I came across a post on Cloudflare Blog where the author was describing his experience on tackling the issue of removing duplicate lines from a large file. The following text is a comment sharing my experience and alternative approach to the task that yields performance results similar to the author’s but without going down the route of coding in C. Funnily, this comment was rejected by Cloudflare Blog moderators. Thus, not to lose a couple of hour’s worth of work, I am putting it out here.
The challenge
Note
|
In the interest of coherance I include the starting point of the problem here. You can also read the original post on the Cloudflare blog. |
The author was analysing log file which contained IP addresses and datacenter codes. The data looks as follows:
192.0.2.1 107
198.51.100.0 20
203.0.113.0 189
192.0.2.1 107
...
The data needed some pre-processing, including line de-duplication. The very
first thing to try is obviously sort -u
, or, what the author tried,
|sort|uniq
. This pattern is handy on small datasets but becomes a false
friend as soon as the size increases to even a modest few hundred megs.

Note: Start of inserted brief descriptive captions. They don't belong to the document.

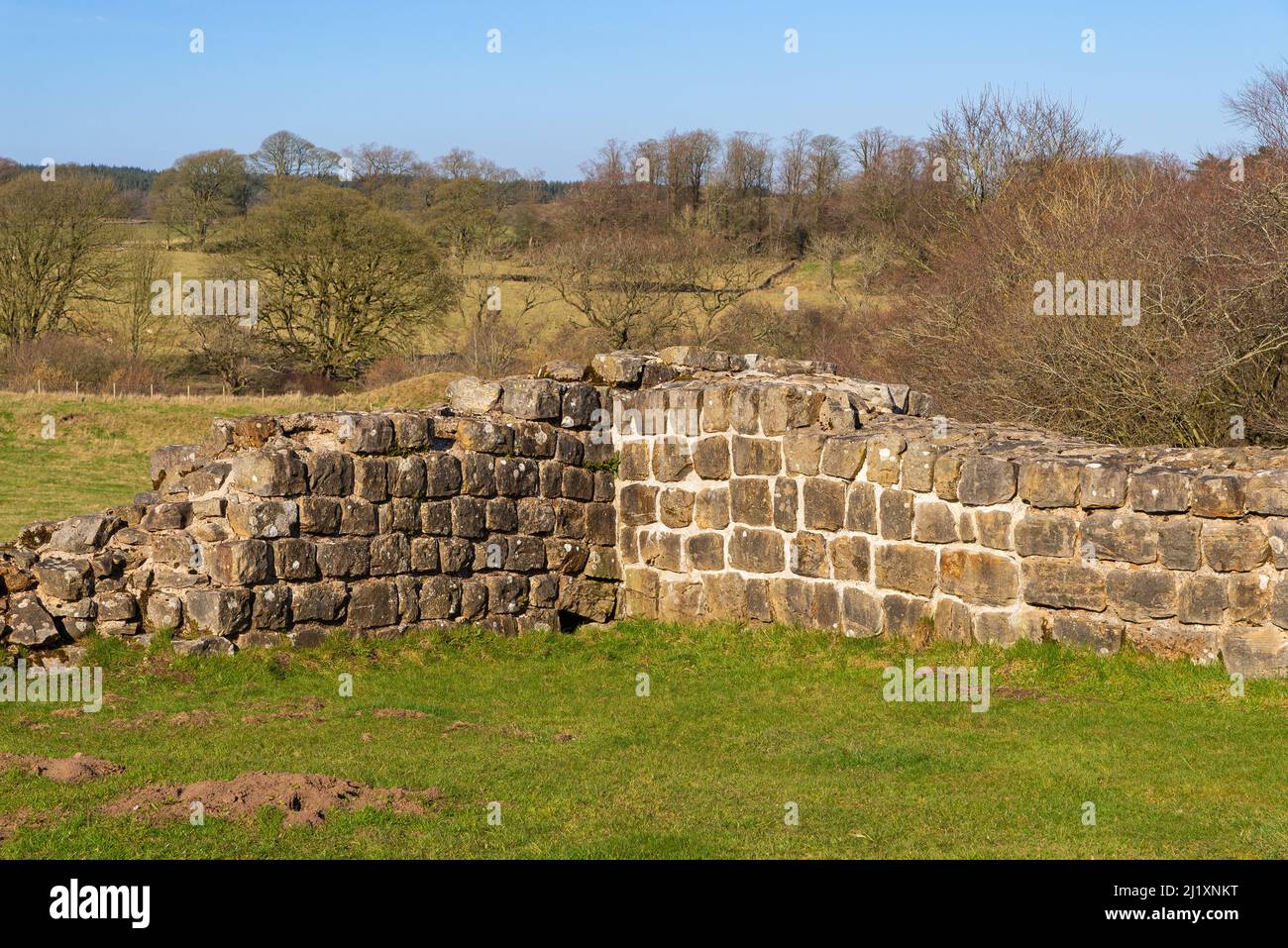 Ruins of Harrow's Scar, Milecastle 49 on Hadrian's Wall, in Northern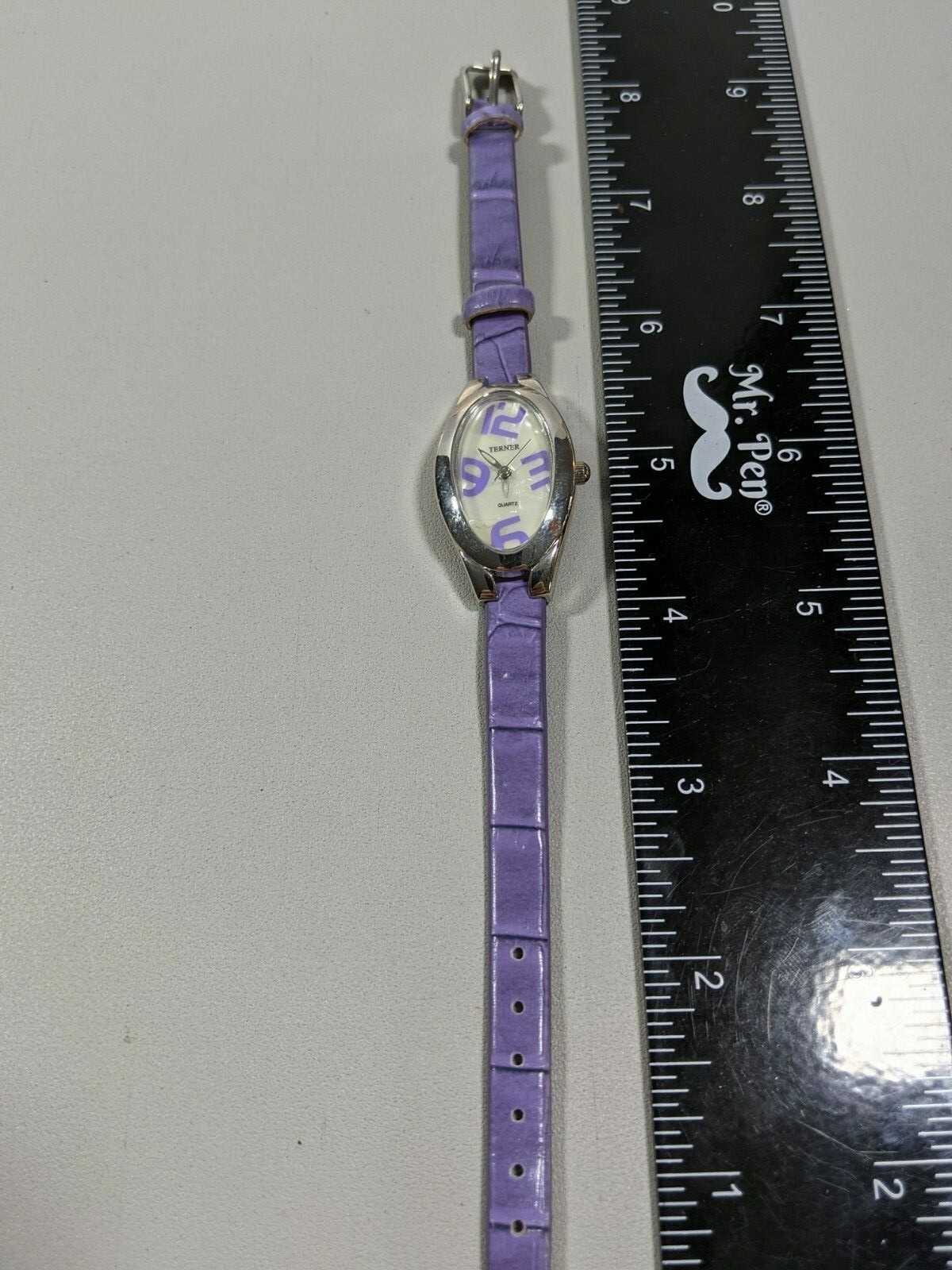 Bijoux Terner Pearlized Silver Tone Dial Oval Case Faux Leather Band Watch 8.5in
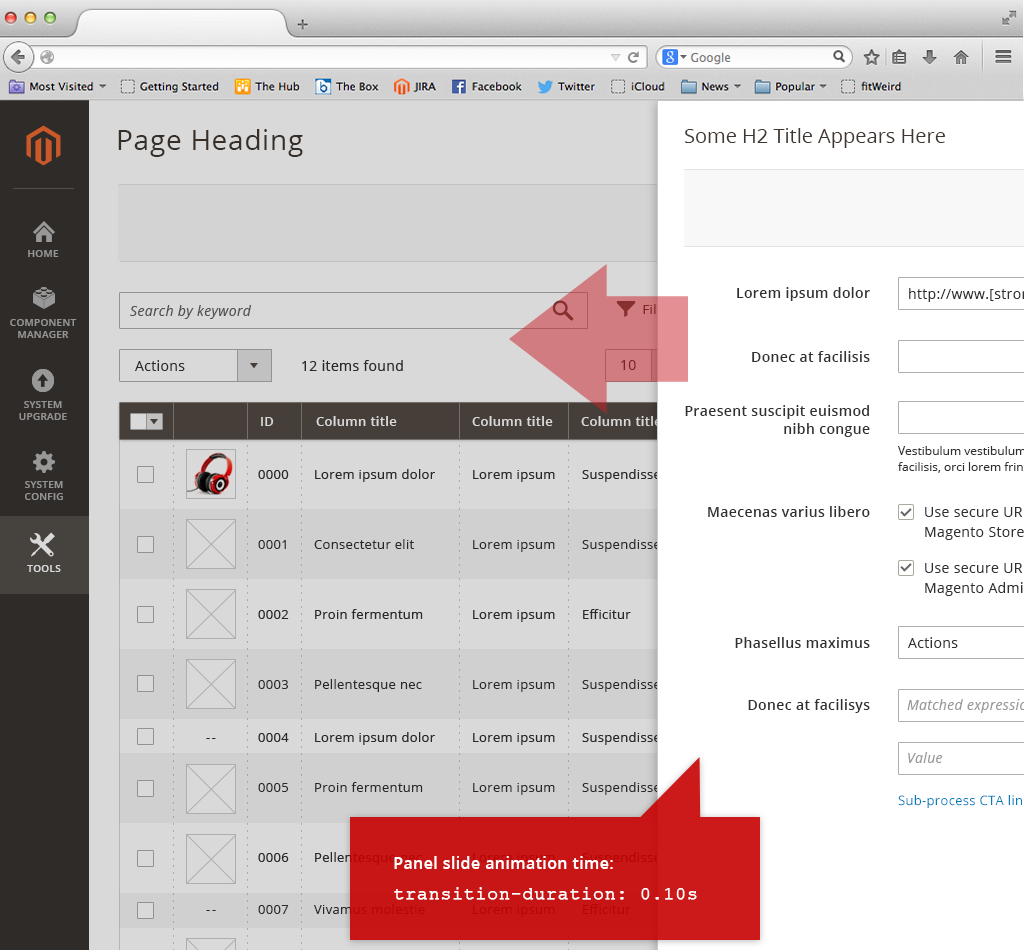 Example of panel animation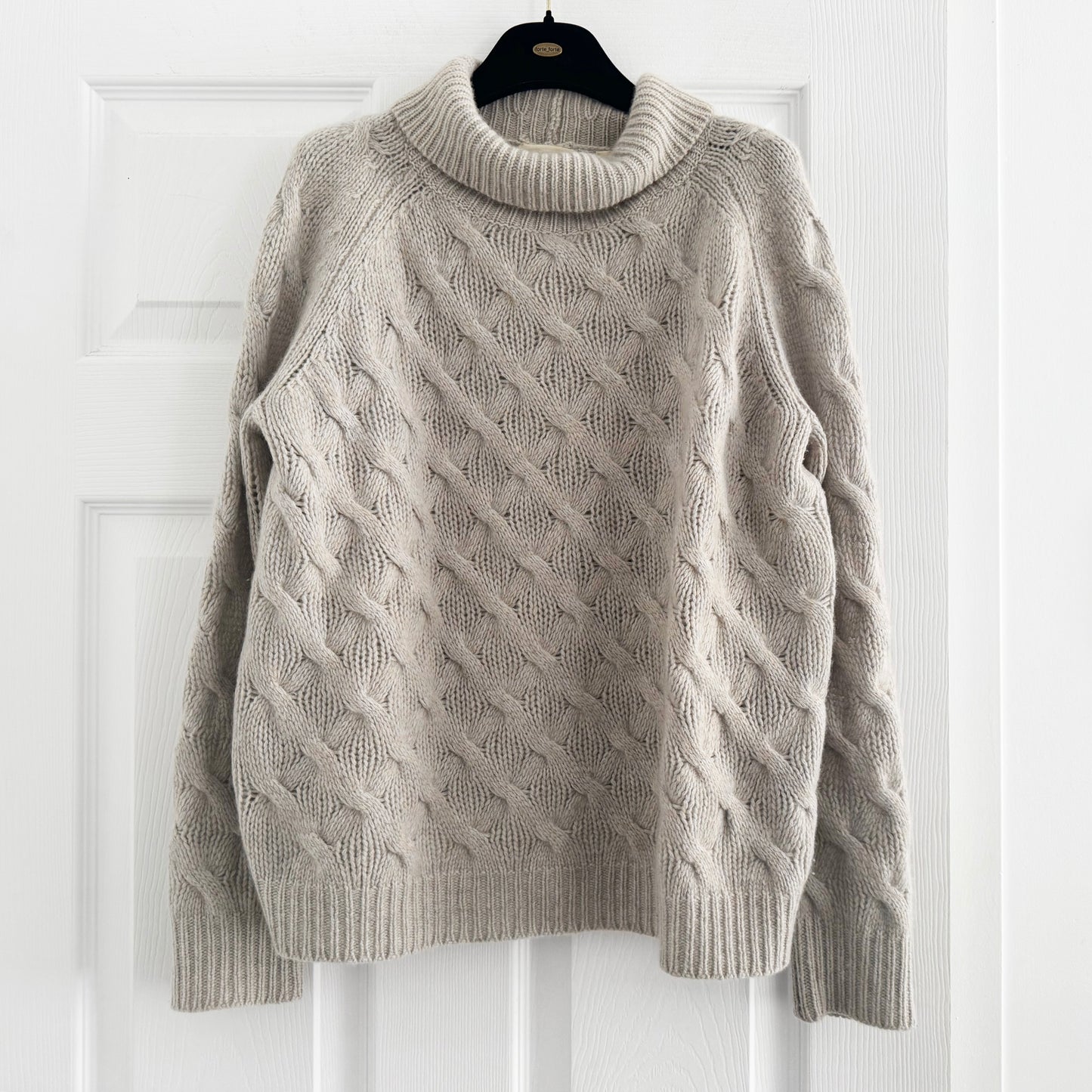 Inhabit Cashmere Cable Knit Turtleneck in Grey/Beige, size XS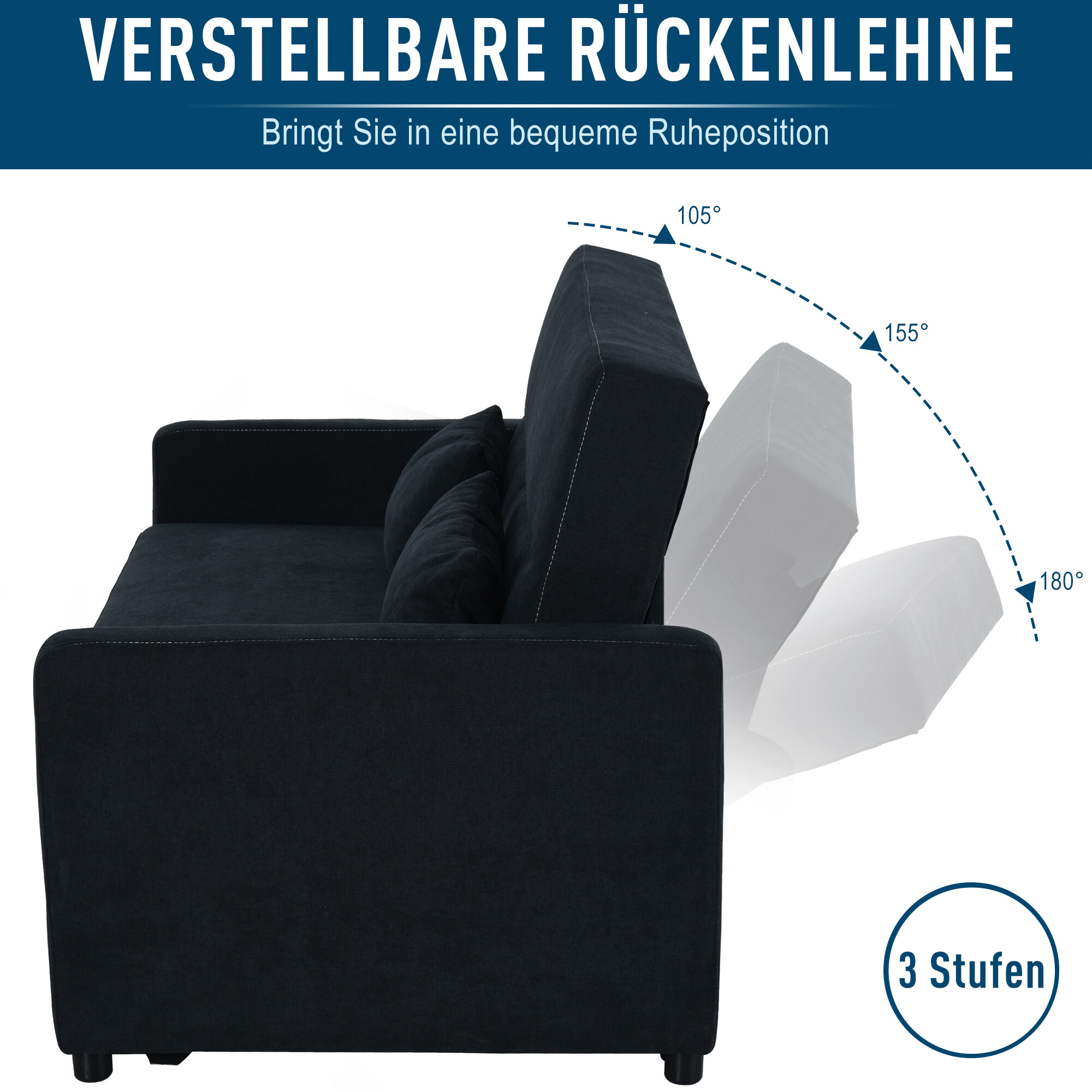 HOMCOM Schlafsofa 833-834 schwarz B/H/T: ca. 148x89x82 cm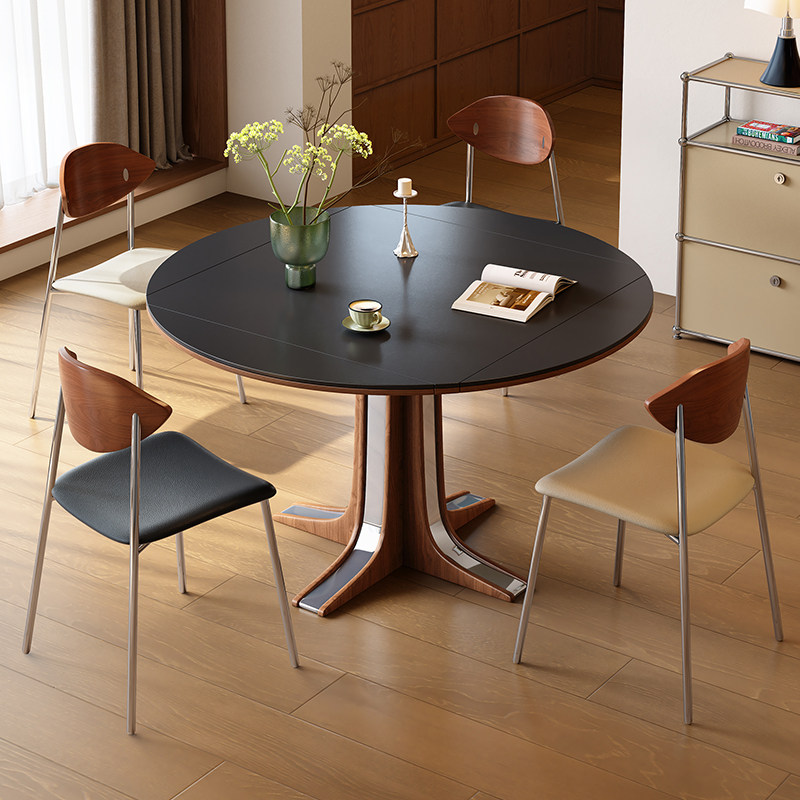 梵创 岩板折叠圆餐桌小户型可伸缩法式复古正方形实木餐桌椅组合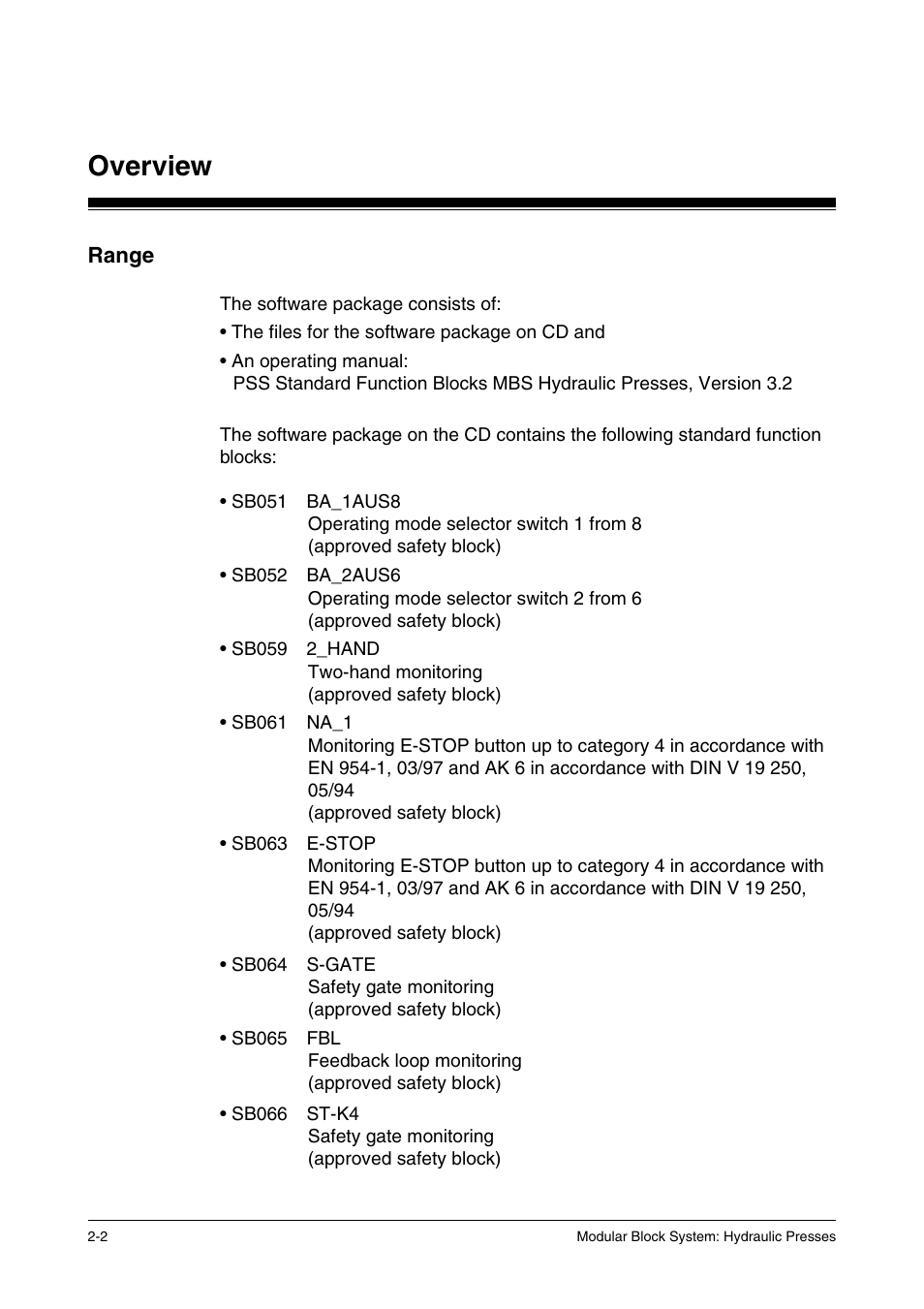 Range, Overview | Pilz PSS SB HYD, Basic license User Manual | Page 22 / 308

Here’s the result that made the author look for other solutions:
$ time (cat logs-popcount-org.txt | sort | uniq >/dev/null)
real 2m2.701s
user 2m10.667s
sys 0m2.767s
Two minutes was way too long for the task at hand, so after trying various
options with sort, such as --parallel
, --buffer-size
and --unique
, the
author went down the route of writing C code to implement first a bloom filter
and then a hash-based deduplication.
The bloom-based filter made it possible to dedup the above dataset in 12s, and the hash-based dedup managed it in 7s. Finally, the optimized hash-based dedup which required profiling disassembling brought the timing down to a very impressive 2s.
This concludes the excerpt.